[caption id="attachment_347113" align="aligncenter" width="525" caption="Penerima Bedah rumah saat meratapi rumahnya yang belum selesai. foto-foto pribadi"][/caption]
Melihat Penerima Bedah Rumah di Nagari Siguntur
Rumah Tak Selesai, Hutang Menumpuk, Anak Putus Sekolah
Salah satu penerima bedah rumah dari Kementrian Perumahan Rakyat (Kemenpera) Republik Indonesia di Nagari Siguntur Jorong II yakni keluarga Ruslan dan Asni. Mereka mendapat program bedah rumah tahun 2013, namun hingga saat ini rumah yang telah dibedah tak kunjung selesai bahkan menyisakan masalah. Seperti apa kondisi penerima bedah rumah di Nagari Siguntur ini?
Muhammad Samin - Sumatera Barat
Program bedah rumah yang digagas Kementerian Perumahan Rakyat (Kemenpera) melalui Bantuan Stimulan Perumahan Rakyat (BSPS) merupakan sebuah program yang membantu masyarakat miskin untuk mendapatkan hunian yang lebih layak.
Namun apa yang telah digulirkan oleh Kemenpera ini, justru berbalik arah dengan maksud dan tujuan dalam penerimaan bedah rumah itu sendiri. Sebab penerima program bedah rumah, justru malah mengalami masalah yakni rumah yang dibangun tidak selesai. Bahkan penerima bantuan hutang dan anak yang ada ternyata juga putus sekolah.
Dari pantauan penulis dilapangan di Jorong II Nagari Siguntur Kecamatan Sitiung, tepatnya di rumah pasangan Ruslan dan Asni keluarga ini mendapat bantuan program bedah rumah dari Kemenpera sebesar Rp 7,5 juta. Mendapat program bantuan bedah rumah, merupakan hal yang sangat diharapkan oleh pasangan yang memiliki empat orang anak ini.
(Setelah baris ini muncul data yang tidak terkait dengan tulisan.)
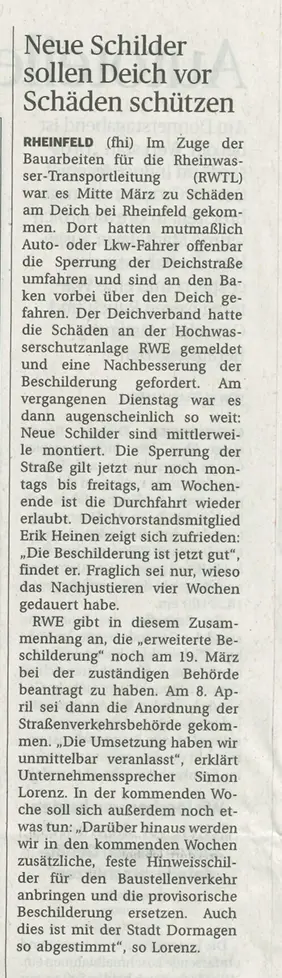 Neue Deichschilder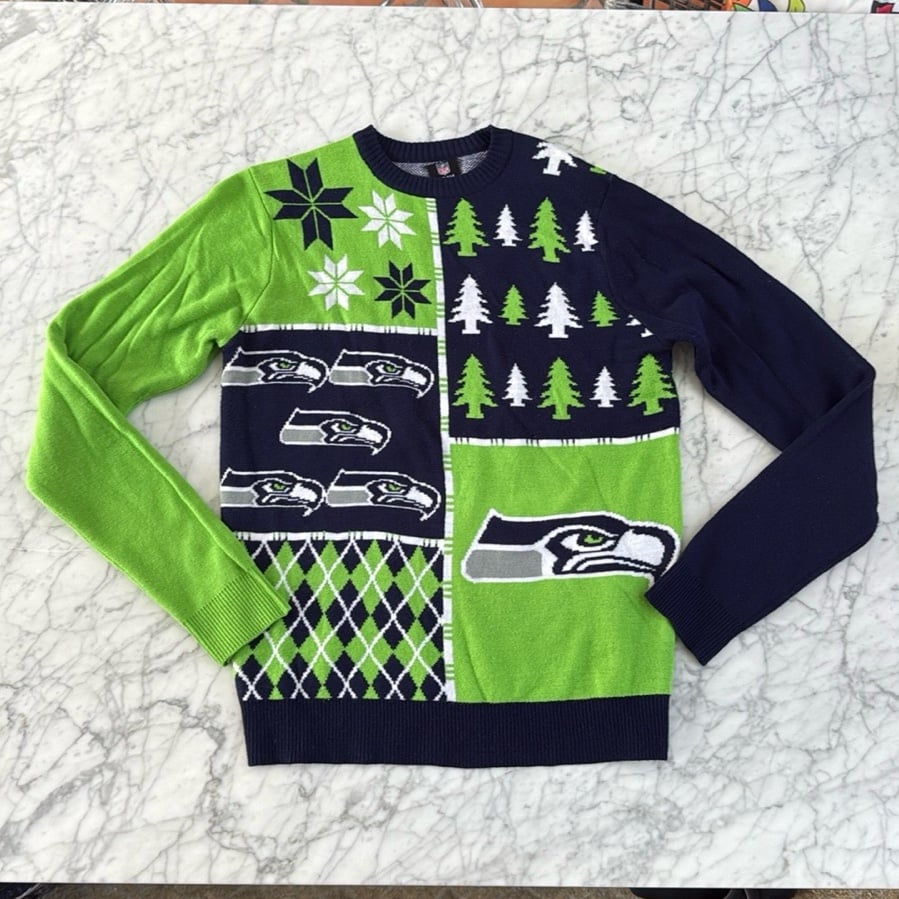 NFL ColorBlock Ugly Holiday Seahawks Sweater Mens M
Namun setelah dibangunkan rumah, justru menambah masalah. Uang yang telah didapat ternyata tidak cukup untuk membangun rumah yang ada. Upaya yang dilakukan keluarga ini, dengan meminjam dana agar rumah yang telah dibangun diharapkan selesai. Tapi setelah menambah hutang sebesar Rp 7 juta juga tidak selesai. Sehingga pasangan ini, pasrah dengan yang ada dan rumah yang telah dibuat dibiarkan terbengkalai karena sudah tidak mampu lagi untuk membangun rumah.
"Suami saya sudah tidak mampu lagi untuk menyelesaikan rumah yang telah kami bangun, untung saja rumah kami yang lama belum kami robohkan" ujar Asni kepada penulis bercerita dengan nada sedih.
Kata Asni, sebagai ibu rumah tangga dan suaminya kuli penyadap karet tidak mampu untuk membangun rumah. Harapan setelah mendapatkan program bedah rumah bisa membuat rumah yang layak, namun justru dapat bantuan malah menambah permasalahan yang ada. “Rumah kami tak selesai, hutang menumpuk dan anak juga saat ini putus sekolah. Kemana lagi kami mau mengadu pak,”bebernya.
Saat ini, kata Asni, harapan dari kami keluarga rumah yang telah dibangun bahkan terbengkalai dan sudah mulai rapuh ini agar bisa selesai dibangun minimal rumah bisa diberi atap dan kami juga bisa tinggal disana.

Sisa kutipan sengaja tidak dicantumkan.